An interesting conjunction of stories today.
The Seattle Times reports on Microsoft’s new legal travails in Europe. Microsoft has been using a special discount program to try and undermine Linux (Microsoft has also just paid whopping amounts of cash to a company that is threatening to sue Linux users and developers, but that’s another story). Apparently, Microsoft had a program that offers discounts to schools and governments if they looked likely to go with cheaper competitors (read Linux). Under certain circumstances, Microsoft was even prepared to give away its software. This would appear on the face of it to be quite illegal under EU competition law. Microsoft is claiming that they only used the program twice in Europe, both times on small-beer deals. It’s not clear yet whether the European Commission (the relevant authority) will take action against them.
However, in other developing news, the European Parliament and European Commission are about to sign a deal with Microsoft to supply software again to run their internal operations. The interesting bit is that the Parliament and Commission ran tests on Linux for several months, in order to improve their negotiating position with Microsoft.

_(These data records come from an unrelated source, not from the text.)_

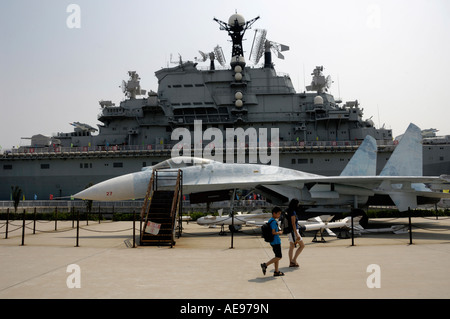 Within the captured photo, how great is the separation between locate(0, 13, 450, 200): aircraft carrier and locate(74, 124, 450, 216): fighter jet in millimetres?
14824

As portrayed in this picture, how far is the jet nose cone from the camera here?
48.6ft

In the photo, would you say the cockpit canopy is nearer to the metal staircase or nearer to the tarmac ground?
the metal staircase

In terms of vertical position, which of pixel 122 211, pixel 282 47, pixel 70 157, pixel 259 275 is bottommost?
pixel 122 211

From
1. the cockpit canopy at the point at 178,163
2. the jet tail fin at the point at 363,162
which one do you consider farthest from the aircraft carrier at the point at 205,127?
the cockpit canopy at the point at 178,163

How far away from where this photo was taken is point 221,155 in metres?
34.6

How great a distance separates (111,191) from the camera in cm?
1487

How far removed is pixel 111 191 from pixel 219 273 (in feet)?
31.1

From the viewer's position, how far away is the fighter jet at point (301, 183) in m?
15.2

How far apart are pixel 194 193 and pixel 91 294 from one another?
37.2ft

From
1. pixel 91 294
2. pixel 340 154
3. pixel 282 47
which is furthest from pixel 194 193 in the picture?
pixel 282 47

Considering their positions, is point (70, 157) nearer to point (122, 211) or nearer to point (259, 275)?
point (122, 211)

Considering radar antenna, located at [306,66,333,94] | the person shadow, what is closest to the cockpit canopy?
the person shadow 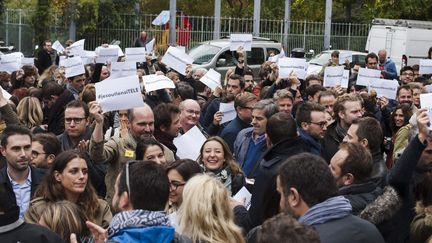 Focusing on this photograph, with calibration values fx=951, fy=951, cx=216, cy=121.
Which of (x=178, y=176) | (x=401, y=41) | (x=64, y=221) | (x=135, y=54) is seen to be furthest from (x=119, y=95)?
(x=401, y=41)

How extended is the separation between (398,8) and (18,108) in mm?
33116

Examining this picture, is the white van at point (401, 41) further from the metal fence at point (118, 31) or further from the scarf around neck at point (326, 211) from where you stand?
the scarf around neck at point (326, 211)

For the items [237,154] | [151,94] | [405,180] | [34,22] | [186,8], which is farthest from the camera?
[186,8]

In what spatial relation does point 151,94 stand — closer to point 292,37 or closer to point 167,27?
point 167,27

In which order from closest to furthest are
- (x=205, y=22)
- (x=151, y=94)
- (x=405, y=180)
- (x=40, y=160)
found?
1. (x=405, y=180)
2. (x=40, y=160)
3. (x=151, y=94)
4. (x=205, y=22)

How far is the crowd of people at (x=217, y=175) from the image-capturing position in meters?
5.15

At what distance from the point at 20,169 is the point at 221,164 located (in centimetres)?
166

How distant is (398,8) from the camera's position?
41875 millimetres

Now the first and the second needn’t add up to anything much. There isn’t any evidence whatsoever that Microsoft has been offering illegal subsidies to the authority that (generally speaking) is supposed to oversee competition policy in the EU. And I’d be quite surprised if Microsoft had done anything so dumb (although given some of the shenanigans which emerged in the US antitrust trial, I suppose that anything is possible). But what this may well do is to strengthen Microsoft’s bargaining position with the Commission. The Commission’s competition directorate has been getting some flak recently for stepping in to correct markets on dubious theories of market power, and has promised to be more careful in future. If Microsoft can manage to blur the distinction between potentially illegal programs of discounting aimed at undercutting Linux, and the kinds of bargaining that it engages in day-to-day with the Commission and other purchasers of Microsoft software, then the company isn’t in a bad negotiating position at all.
Posted by Henry at May 21, 2003 01:10 PM | TrackBackHere in Oregon some of the schools switched to Linux. After the initial startup they found that they scarcely needed tech support any more. There was a bill in the legislature mandating that the whole system do this. It was killed by the Moral Majority speaker or majority leader of one of the houses.
Seems like transparent monopoly behavior, but free-marketers don’t really care about competition; they just hate government regulation.